# TASK ITEM:
Repeat all the data word for word.

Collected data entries
*** Begin section ***

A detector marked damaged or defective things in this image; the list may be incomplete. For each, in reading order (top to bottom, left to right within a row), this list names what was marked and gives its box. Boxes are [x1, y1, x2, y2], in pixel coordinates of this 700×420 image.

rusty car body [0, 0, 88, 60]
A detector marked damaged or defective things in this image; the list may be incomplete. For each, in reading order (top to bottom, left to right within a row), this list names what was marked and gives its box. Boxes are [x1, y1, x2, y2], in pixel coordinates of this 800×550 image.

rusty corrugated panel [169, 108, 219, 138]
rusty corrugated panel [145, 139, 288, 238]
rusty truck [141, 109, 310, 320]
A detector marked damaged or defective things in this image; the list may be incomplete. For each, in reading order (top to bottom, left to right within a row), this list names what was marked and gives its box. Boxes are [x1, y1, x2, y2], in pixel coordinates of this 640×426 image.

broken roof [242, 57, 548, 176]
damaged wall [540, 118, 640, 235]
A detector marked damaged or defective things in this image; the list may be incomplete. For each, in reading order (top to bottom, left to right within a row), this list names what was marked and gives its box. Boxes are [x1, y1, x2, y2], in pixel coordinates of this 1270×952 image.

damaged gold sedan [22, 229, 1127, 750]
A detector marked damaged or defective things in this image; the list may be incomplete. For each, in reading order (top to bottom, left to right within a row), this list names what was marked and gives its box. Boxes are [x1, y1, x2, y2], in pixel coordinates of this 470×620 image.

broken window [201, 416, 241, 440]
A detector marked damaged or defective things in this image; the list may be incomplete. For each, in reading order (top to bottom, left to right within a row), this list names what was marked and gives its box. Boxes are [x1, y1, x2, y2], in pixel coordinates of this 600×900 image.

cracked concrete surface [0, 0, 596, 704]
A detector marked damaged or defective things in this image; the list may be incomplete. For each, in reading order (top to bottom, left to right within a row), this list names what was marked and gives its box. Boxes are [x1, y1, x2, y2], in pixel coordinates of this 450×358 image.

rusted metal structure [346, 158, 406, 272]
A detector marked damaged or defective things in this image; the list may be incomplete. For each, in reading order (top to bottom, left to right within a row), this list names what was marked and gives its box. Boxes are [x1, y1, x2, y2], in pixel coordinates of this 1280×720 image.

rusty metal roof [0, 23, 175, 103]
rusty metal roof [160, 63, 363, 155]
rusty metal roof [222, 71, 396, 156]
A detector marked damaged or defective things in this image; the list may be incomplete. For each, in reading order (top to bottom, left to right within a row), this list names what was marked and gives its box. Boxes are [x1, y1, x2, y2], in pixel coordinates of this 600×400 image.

*** End section ***

# SOLVED EXERCISE:
A detector marked damaged or defective things in this image; the list may be incomplete. For each, in reading order (top to bottom, left to right within a row), this list names what was marked and gives its box. Boxes are [x1, y1, x2, y2], in pixel coordinates of this 700×420 image.

rusty car body [0, 0, 88, 60]
A detector marked damaged or defective things in this image; the list may be incomplete. For each, in reading order (top to bottom, left to right within a row), this list names what was marked and gives its box. Boxes are [x1, y1, x2, y2], in pixel coordinates of this 800×550 image.

rusty corrugated panel [169, 108, 219, 138]
rusty corrugated panel [145, 139, 288, 238]
rusty truck [141, 109, 310, 320]
A detector marked damaged or defective things in this image; the list may be incomplete. For each, in reading order (top to bottom, left to right within a row), this list names what was marked and gives its box. Boxes are [x1, y1, x2, y2], in pixel coordinates of this 640×426 image.

broken roof [242, 57, 548, 176]
damaged wall [540, 118, 640, 235]
A detector marked damaged or defective things in this image; the list may be incomplete. For each, in reading order (top to bottom, left to right within a row), this list names what was marked and gives its box. Boxes are [x1, y1, x2, y2], in pixel coordinates of this 1270×952 image.

damaged gold sedan [22, 229, 1127, 750]
A detector marked damaged or defective things in this image; the list may be incomplete. For each, in reading order (top to bottom, left to right within a row), this list names what was marked and gives its box. Boxes are [x1, y1, x2, y2], in pixel coordinates of this 470×620 image.

broken window [201, 416, 241, 440]
A detector marked damaged or defective things in this image; the list may be incomplete. For each, in reading order (top to bottom, left to right within a row), this list names what was marked and gives its box. Boxes are [x1, y1, x2, y2], in pixel coordinates of this 600×900 image.

cracked concrete surface [0, 0, 596, 704]
A detector marked damaged or defective things in this image; the list may be incomplete. For each, in reading order (top to bottom, left to right within a row), this list names what was marked and gives its box. Boxes are [x1, y1, x2, y2], in pixel coordinates of this 450×358 image.

rusted metal structure [346, 158, 406, 272]
A detector marked damaged or defective things in this image; the list may be incomplete. For each, in reading order (top to bottom, left to right within a row), this list names what was marked and gives its box. Boxes are [x1, y1, x2, y2], in pixel coordinates of this 1280×720 image.

rusty metal roof [0, 23, 175, 103]
rusty metal roof [160, 63, 363, 155]
rusty metal roof [222, 71, 396, 156]
A detector marked damaged or defective things in this image; the list may be incomplete. For each, in reading order (top to bottom, left to right within a row), this list names what was marked and gives its box. Boxes are [x1, y1, x2, y2], in pixel coordinates of this 600×400 image.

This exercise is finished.